Your premium dollars, the ones you work so very hard to pay each month to your private insurance carrier, are not spent on paying a claim should you wake up one day with cancer, MS or become injured in an accident. No. Those hard earned dollars are spent on figuring out how not to pay you. And then, they use your tax dollars to reduce the amount they owe you.

United States taxpayers, it’s time to say enough. Group long-term disability policies are bogus products. They should either be highly regulated or not allowed to be sold at all, as the poorly written policies and the attendant machines put in place by the insurance companies to deny all claims, make the products fraudulent and worthless.

Links:

CIGNA written brochure for brokers about their long term disability product.

Dell and Schaefer, a law firm, discussing CIGNA including the LINA settlement in California.

The 11 Federal Judges Attending the 2011 Defending and Managing ERISA Litigation Conference.

The American Conference Institute assembles a yearly “defending against ERISA claims” conference usually held in New York City. This year’s conference is at the New York Marriott Downtown.

If you have Multiple Sclerosis or any other disease that forced you to fight for your benefits because companies like CIGNA lied (not hyperbole) to prevent your claim, then you know all about ERISA or the Employment and Retirement Income Security Act of 1974. Unfortunately, ERISA has had negative consequences. A full explanation, written by an ERISA expert, can be found here.

But you may not know that the very same federal judges who may hear your case attend these conferences where they help coach insurance companies, plan providers and other attorneys on how to defend against ERISA claims. In other words, how to make sure a company like CIGNA doesn’t have to fulfill their contractual obligations and pay your claim. From the conference brochure:

An ERISA Moot Court: Featuring top defense attorneys arguing some of the hottest and most common issues facing ERISA practitioners today, panels of renowned ERISA jurists will critique arguments, question our litigators and help all attendees understand how to successfully convey their positions to the court.

The federal judges, the ones deciding your cases, are going to going to participate in a moot court to help defend against ERISA claims? How does that square with remaining impartial as part of the judges’s code of conduct? And our favorite here at the MS Activism Foundation:

Breaking Up Is Hard to Do: A Focus on Severance Plan Litigation including Triggering Events, COBRA Hang-Ups, and the Other Litigation Issues that Arise in Separation Situations.

CIGNA had a big loss this year in CIGNA v. Amara, even though they are spinning it otherwise, so of course, CIGNA’s senior counsel, Christina McNally will be in attendance at the conference.

Fidelity Investments, my husband’s former employer, is listed on the last page as being in attendance as well.

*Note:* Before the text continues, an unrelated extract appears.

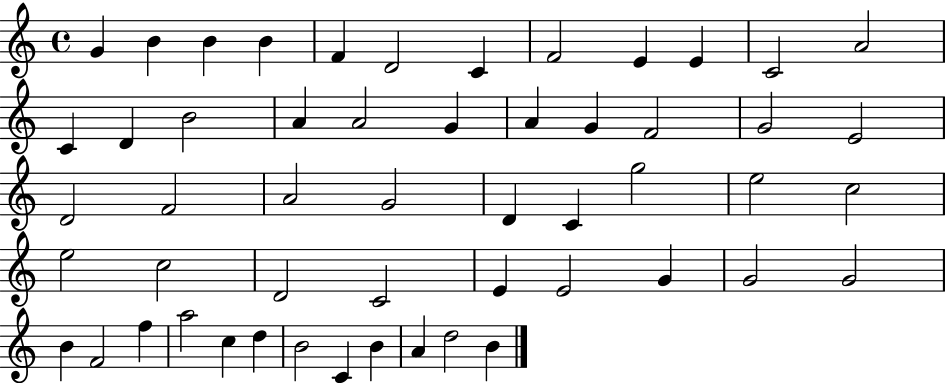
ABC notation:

I could not find a name though. Last year it was their very own senior counsel, (and Paul’s fellow Boston College alum) Laura Tholen.

Here are the names and districts of all the federal judges who are attending this year’s conference. And here is a link to the PDF of the 2011 conference. If you are fighting for your claim, and see your judge, send them a letter. Tell them that you know what they’re doing and that it certainly does not appear impartial.

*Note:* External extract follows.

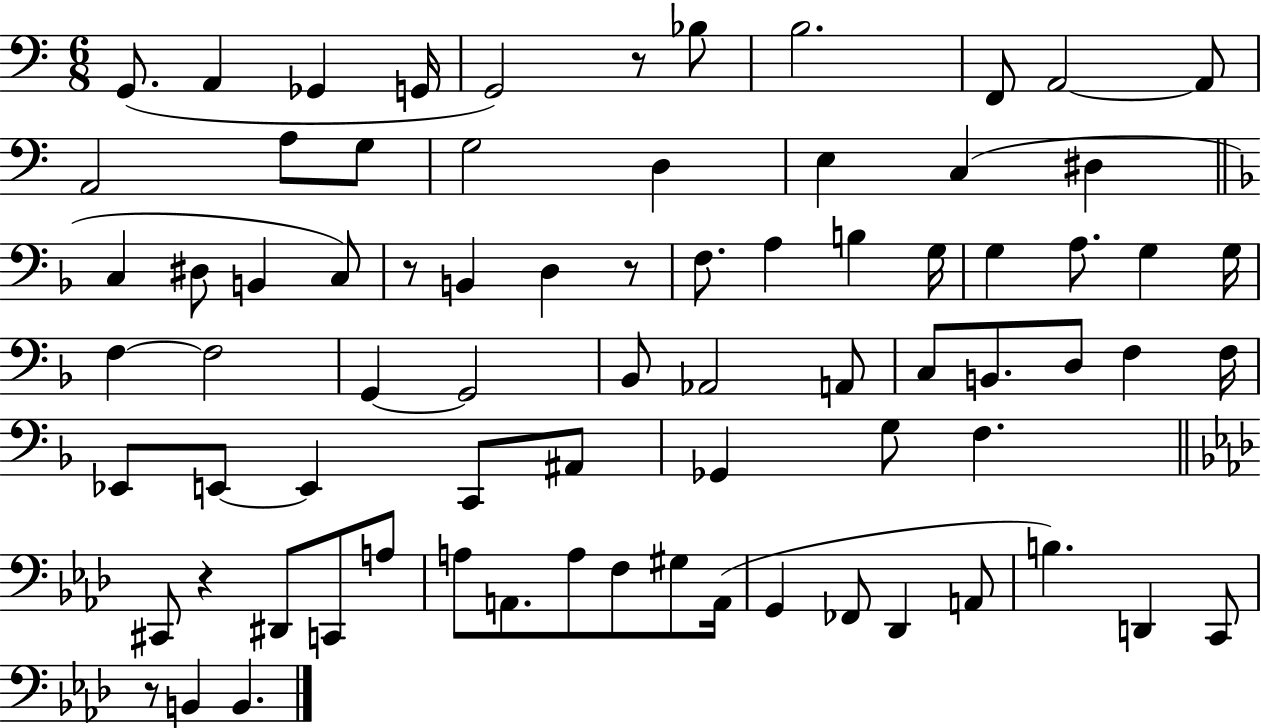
G2/e. A2/q Gb2/q G2/s G2/h R/e Bb3/e B3/h. F2/e A2/h A2/e A2/h A3/e G3/e G3/h D3/q E3/q C3/q D#3/q C3/q D#3/e B2/q C3/e R/e B2/q D3/q R/e F3/e. A3/q B3/q G3/s G3/q A3/e. G3/q G3/s F3/q F3/h G2/q G2/h Bb2/e Ab2/h A2/e C3/e B2/e. D3/e F3/q F3/s Eb2/e E2/e E2/q C2/e A#2/e Gb2/q G3/e F3/q. C#2/e R/q D#2/e C2/e A3/e A3/e A2/e. A3/e F3/e G#3/e A2/s G2/q FES2/e Db2/q A2/e B3/q. D2/q C2/e R/e B2/q B2/q.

Here are the Codes of Conduct for United States Judges and be sure to ask about CANON 3: A JUDGE SHOULD PERFORM THE DUTIES OF THE OFFICE FAIRLY, IMPARTIALLY AND DILIGENTLY.

Hon. Daniel E. Knowles, III U.S. Dist. Ct., E.D. La.

Hon. Morton Denlow U.S. Dist. Ct., N.D. Ill.

Hon. Matthew Kennelly U.S. Dist. Ct., N.D. Ill.

Hon. William S. Duffey, Jr. U.S. Dist. Ct., N.D. Ga.

Hon. Viktor Pohorelsky U.S. Dist. Ct., E.D.N.Y.

Fernando J. Gaitan, Jr. U.S. Dist. Ct., W.D. Mo.

Hon. Timothy C. Batten, Sr.U.S. Dist. Ct., N.D. Ga.

Hon. Robert Jonker U.S. Dist. Ct., W.D. Mo. (I think the American Conference Institute meant MI not MO.)

Hon. Richard G. Stearns U.S. Dist. Ct., D. Mass.

Hon. John Coughenour U.S. Dist. Ct., W.D. Wash.

Hon. Robert B. Collings U.S. Dist. Ct., D. Mass.